# Poor, poor, piggybank



## wasabi (Sep 4, 2005)

We bought gas today.


----------



## texasgirl (Sep 4, 2005)

I got this one too


----------



## middie (Sep 4, 2005)

lol. funny


----------



## kadesma (Sep 4, 2005)

I know that feeling   It's awful and then, buying all three boys shoes at the same time does that to my piggybank 

kadesma


----------



## Zereh (Sep 5, 2005)

$50+ to fill my car up hurts. Dang. And I can go 10 days to 2 weeks without needing another one. =( I feel bad for those who buy houses outside of the major hubub of a city to save a bit of money, only to see it gobbled up at the gas stations.

But at least we have gas! And it's supply and demand that dictates most of the prices at the pumps not someone with a big "government" stick. 
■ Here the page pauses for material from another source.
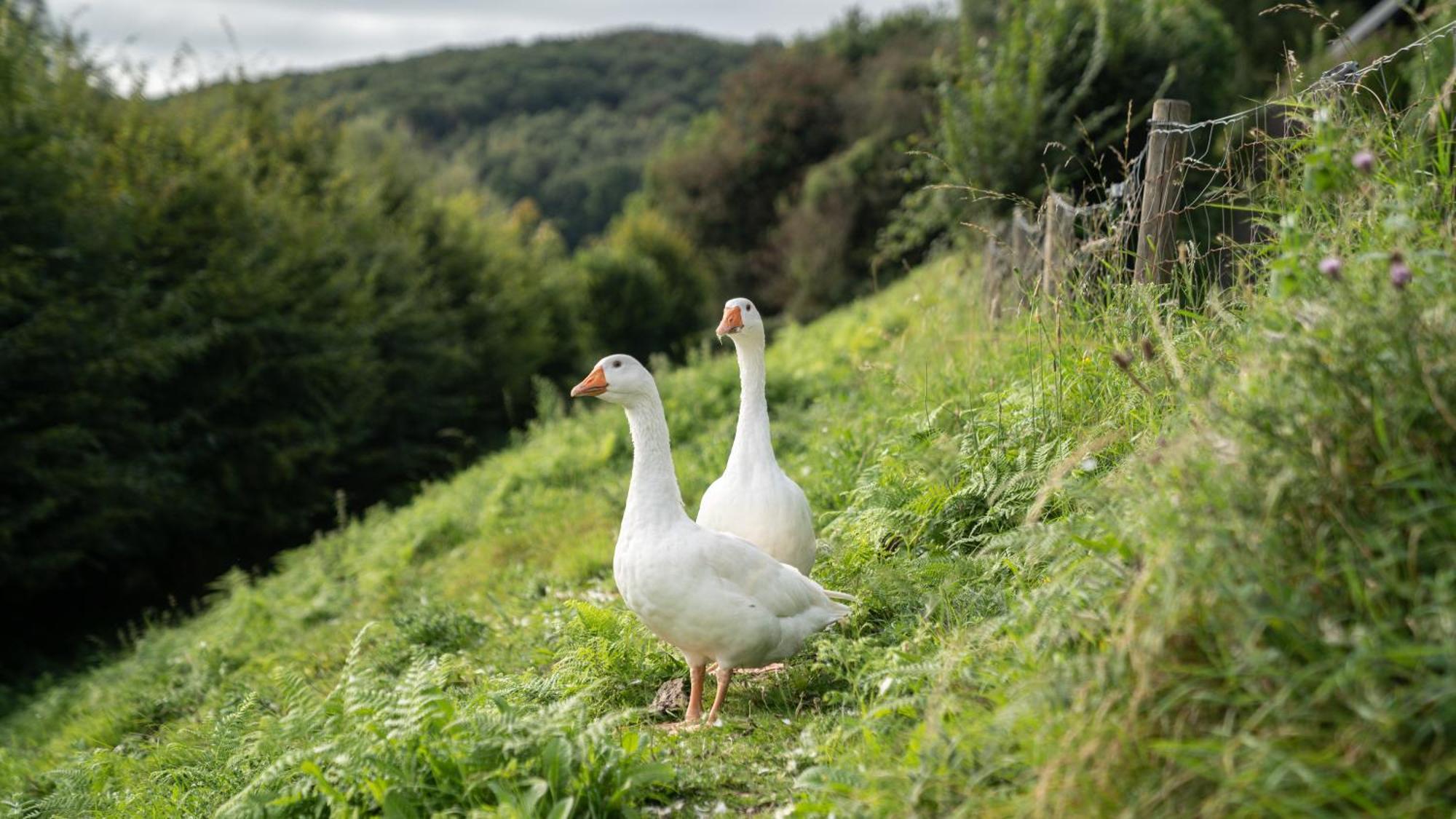 Gite 9 Personnes Fecamp Etretat Colleville エクステリア 写真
Instead of showering with a buddy to conserve water, it's time to ride with one to conserve gas. =P


Z


----------



## Barbara L (Sep 5, 2005)

We filled up today.  Most of the stations just outside of our town are charging well over $3.00, but three stations in town (all at or close to the same intersection) are just under $3.00.  They are running out though.  The station we went to today is even under $3.00 for premium.  He was out of regular but mid-grade was $2.97 and premium was $2.99.  It is a small independent station.  Another independent station a few miles up the road is at $2.89 for regular (I don't know if they have any left), but they aren't open on Sundays.

 Barbara


----------



## Maidrite (Sep 5, 2005)

Our Piggy Bank Looked like That before Gas !


----------



## Barbara L (Sep 5, 2005)

Maidrite said:
			
		

> Our Piggy Bank Looked like That before Gas !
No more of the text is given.